Task directions>
Would you please repeat, word for word, only the lines from the one holding "kc灯具 美式复古铁艺三头壁灯LOFT工业控铁笼走廊阳台玄关进门灯 含3枚蜡烛尖泡-HZ" through the one holding "Vestido de niña" in the material below, without the pictures?

Given information>
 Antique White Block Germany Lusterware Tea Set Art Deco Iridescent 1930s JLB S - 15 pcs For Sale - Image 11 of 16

--

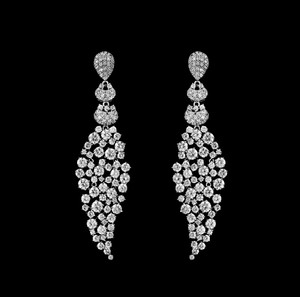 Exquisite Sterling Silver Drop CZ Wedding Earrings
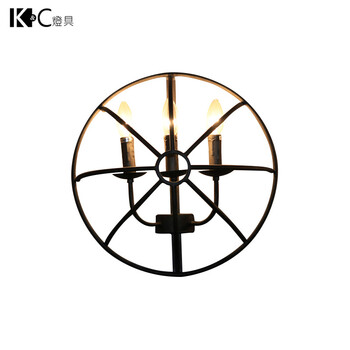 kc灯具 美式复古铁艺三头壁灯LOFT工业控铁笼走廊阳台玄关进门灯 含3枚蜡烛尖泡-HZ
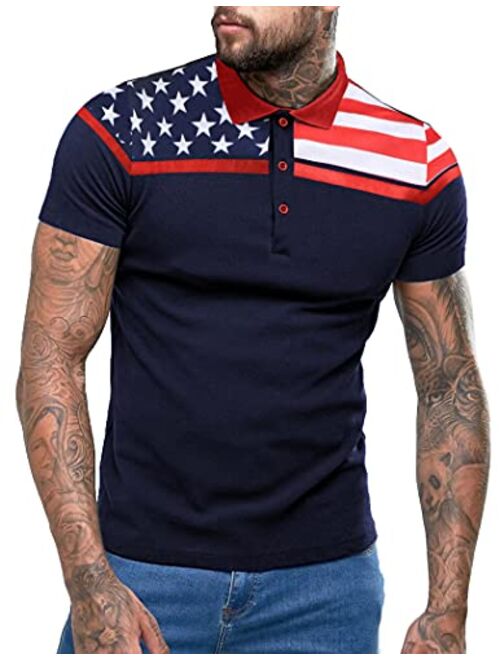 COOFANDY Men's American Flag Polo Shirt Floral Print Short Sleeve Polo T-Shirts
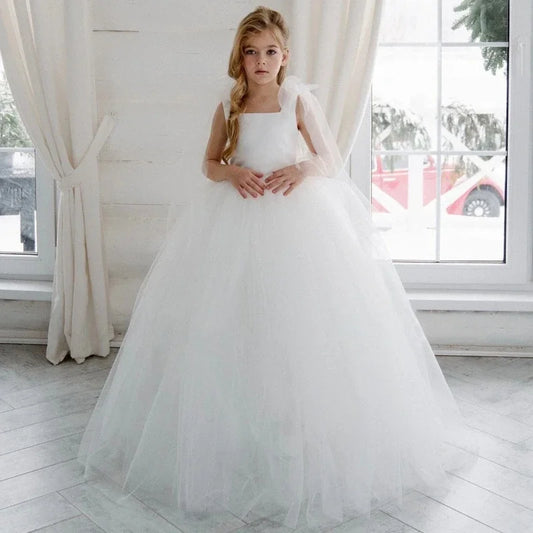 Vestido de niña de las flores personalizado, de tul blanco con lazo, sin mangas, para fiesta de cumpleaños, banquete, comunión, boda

Output below>
 kc灯具 美式复古铁艺三头壁灯LOFT工业控铁笼走廊阳台玄关进门灯 含3枚蜡烛尖泡-HZ
 COOFANDY Men's American Flag Polo Shirt Floral Print Short Sleeve Polo T-Shirts
 Vestido de niña de las flores personalizado, de tul blanco con lazo, sin mangas, para fiesta de cumpleaños, banquete, comunión, boda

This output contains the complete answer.